Mahkûm Cellât Çeşmesi'nin önüne getirilir ve çeşmenin önündeki taşın
üzerine başı konularak bostancıbaşının nezaretinde, cellâtbaşının kılıç
darbesiyle idam edilirdi. İnfaz gerçekleştikten sonra cellâtlar, kanlı
palalarını veya satırlarını bu çeşmede yıkadıkları için çeşmeye Cellât
Çeşmesi denmişti. Bir rivayete göre siyâsî mahkûmların infazının burada
olması, bir başka rivayete göre de, siyaset ve idam yetkisinin tek bir
kişinin yani padişahın elinde toplanması sebebiyle bu çeşmeye
Siyâset Çeşmesi de denilmektedir. Bir dönem cellâtlara da "meydân-ı siyâset ustası" denilmiştir.

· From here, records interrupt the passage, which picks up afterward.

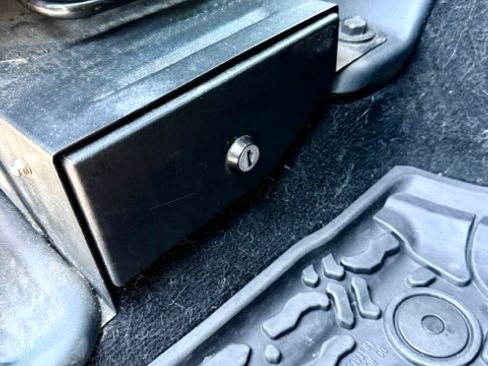 Used 2018 Jeep Wrangler Unlimited Rubicon w/ Cold Weather Group AWD/4WD image 19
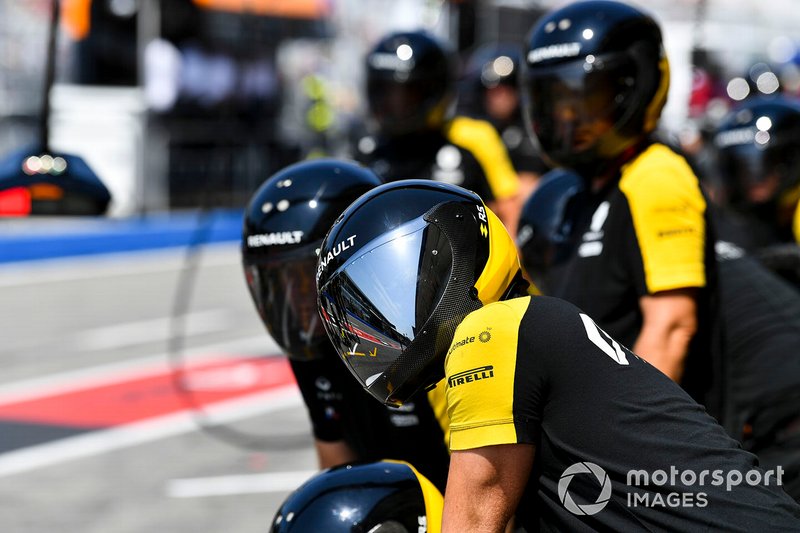 Механики Renault готовятся к пит-стопу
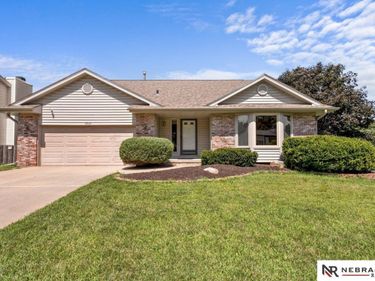 8924 N 83rd Avenue, Omaha, NE 68122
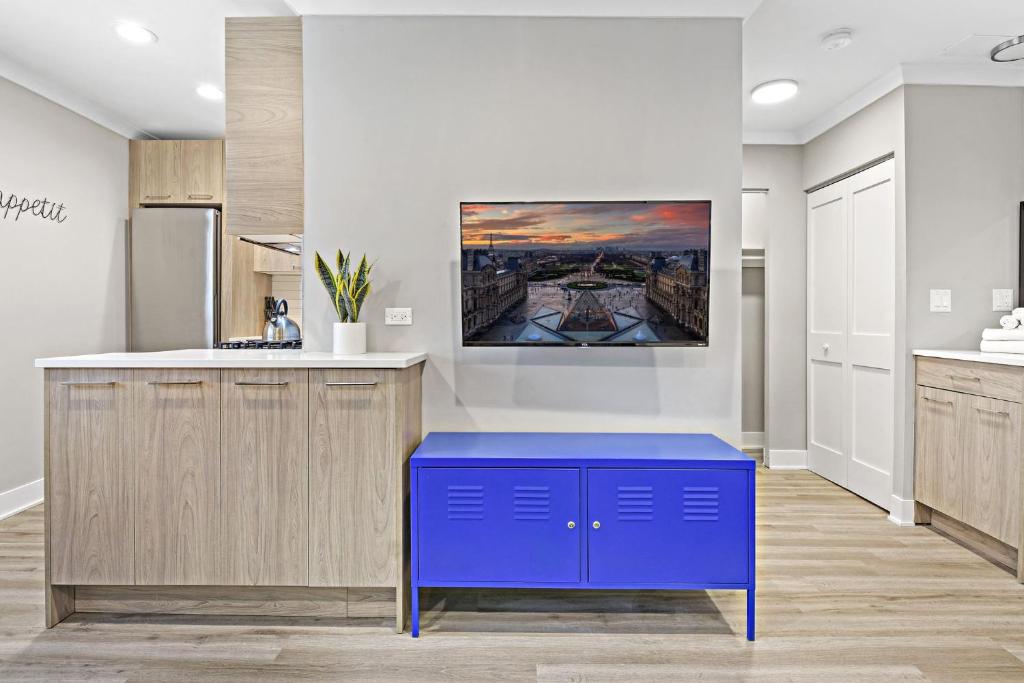 Sophisticated Studio Apartment with Modern Kitchen - Oakdale OD2 rep photo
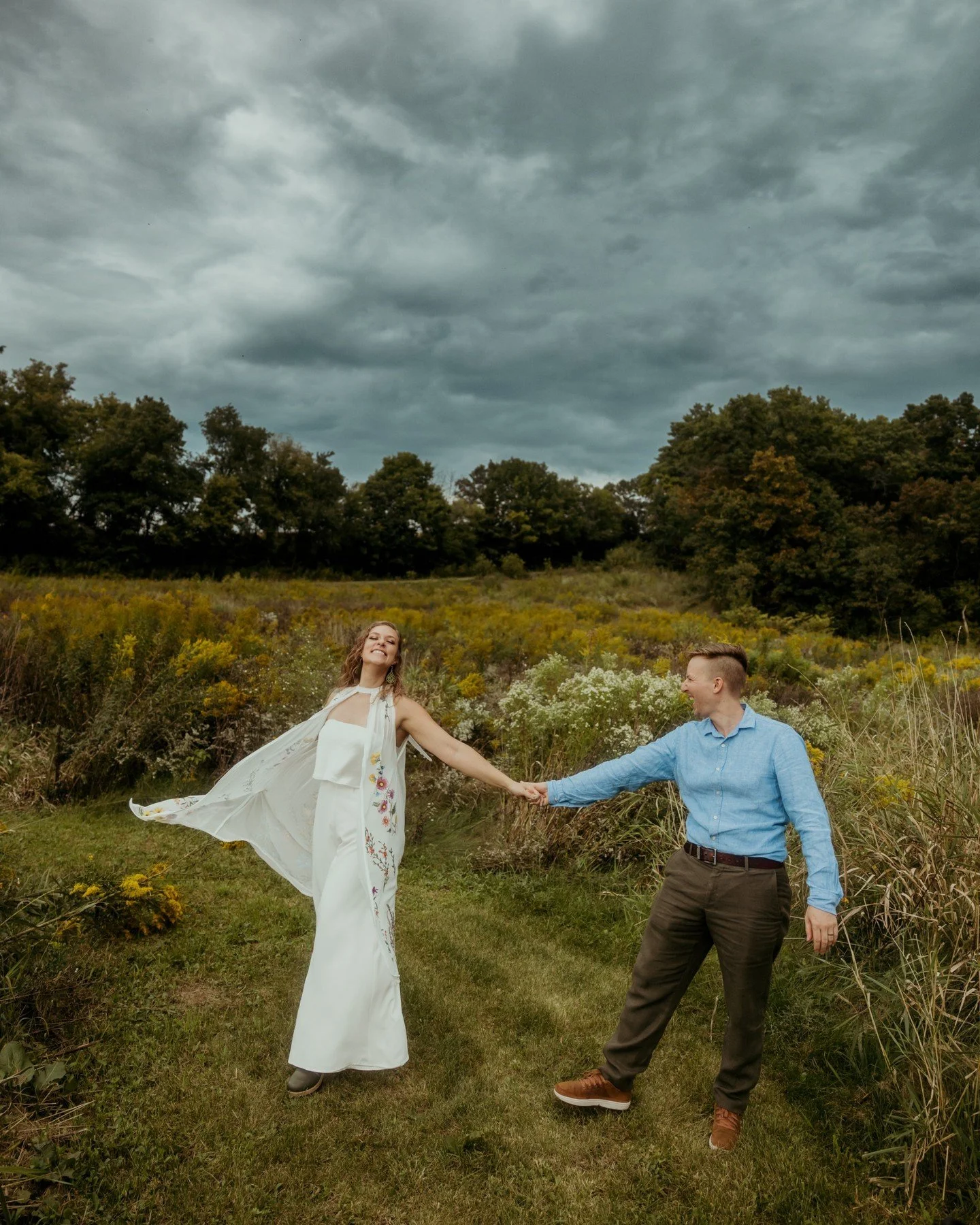 Your wedding day is as unique as you are, so why settle for stiff, overly posed images? &macr;\_(ツ)_/&macr; 
.
.
.
.
.
.
𝗪𝗲𝗱𝗱𝗶𝗻𝗴 𝗩𝗲𝗻𝗱𝗼𝗿𝘀: 
 - Venue: Common Gardens 
 - Desserts: @therollingpin.bakeshop
 - Catering: @kimsgourmetpub
[Imag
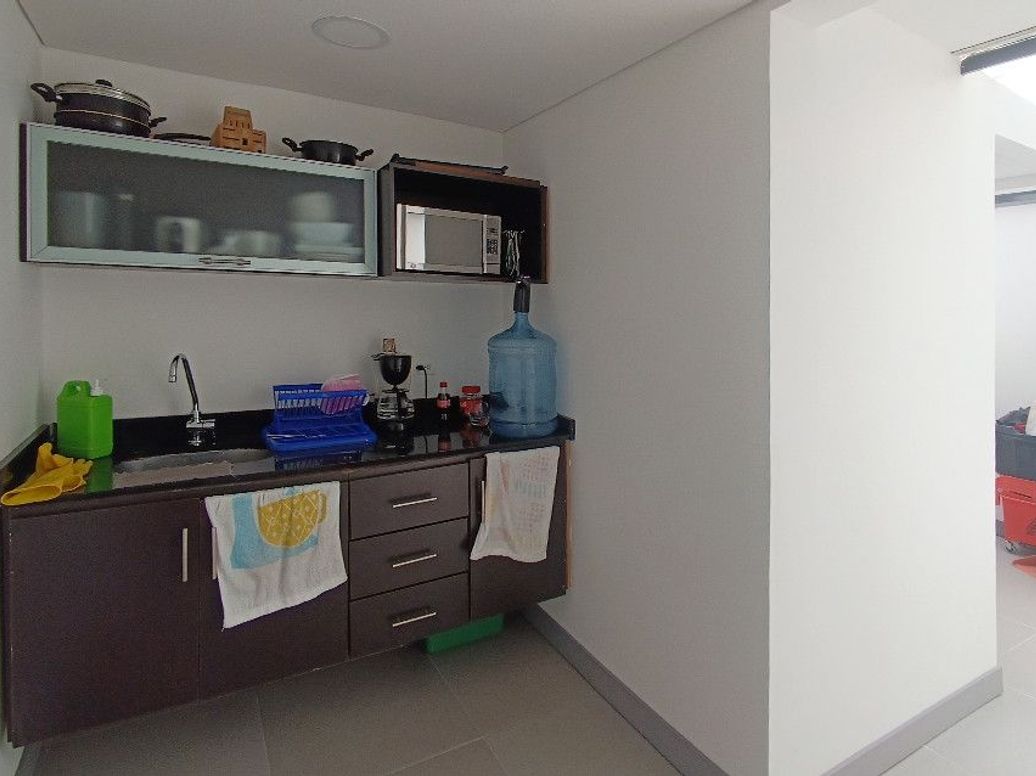 Casa de 5 alcobas en venta en Bosque Calderón, Bogotá, 384 m² · foto 11 de 19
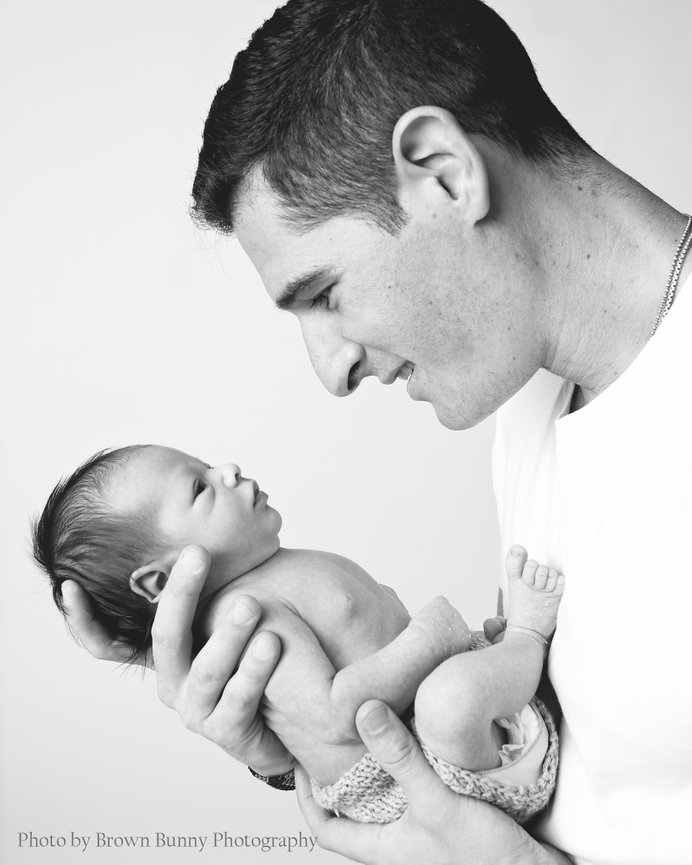 5 Tips for Stress-Free Family Photos with Toddlers (Yes, It's Possible!)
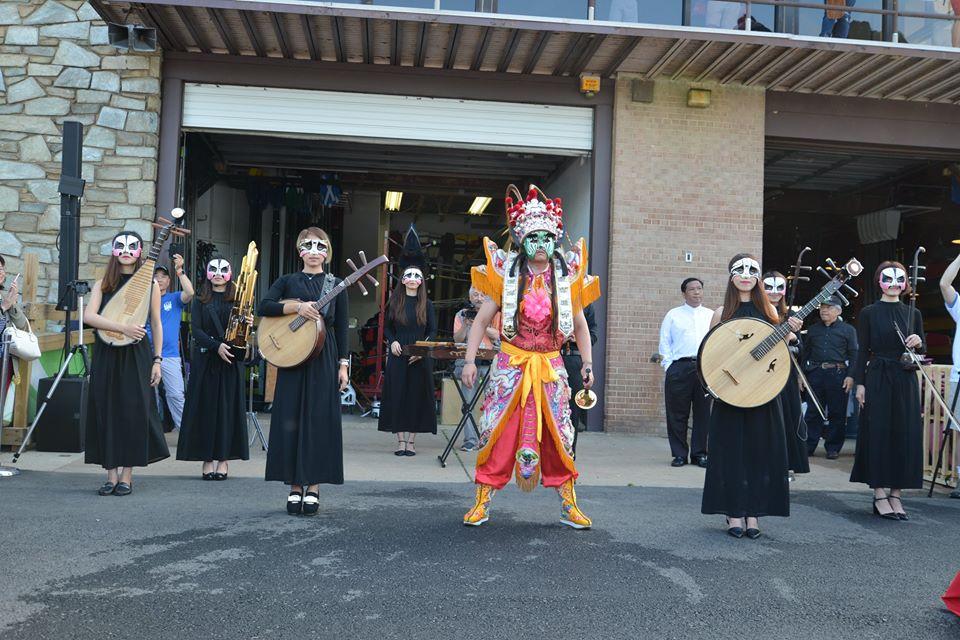 The on-site performance by “Formosa Melody Music Center”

Cellât Çeşmesi,
Alman İmparatoru II. Wilhelm'in
İstanbul'u 1892 yılında
ziyareti esnasında saray ve avlu düzenlemesi sebebiyle Sultan II.
Abdülhamid'in emriyle sökülerek Bâb-ı Hümâyun'un içine taşınmış; yerine
başka bir yerden getirilen Hamidiye Çeşmesi monte edilmiştir.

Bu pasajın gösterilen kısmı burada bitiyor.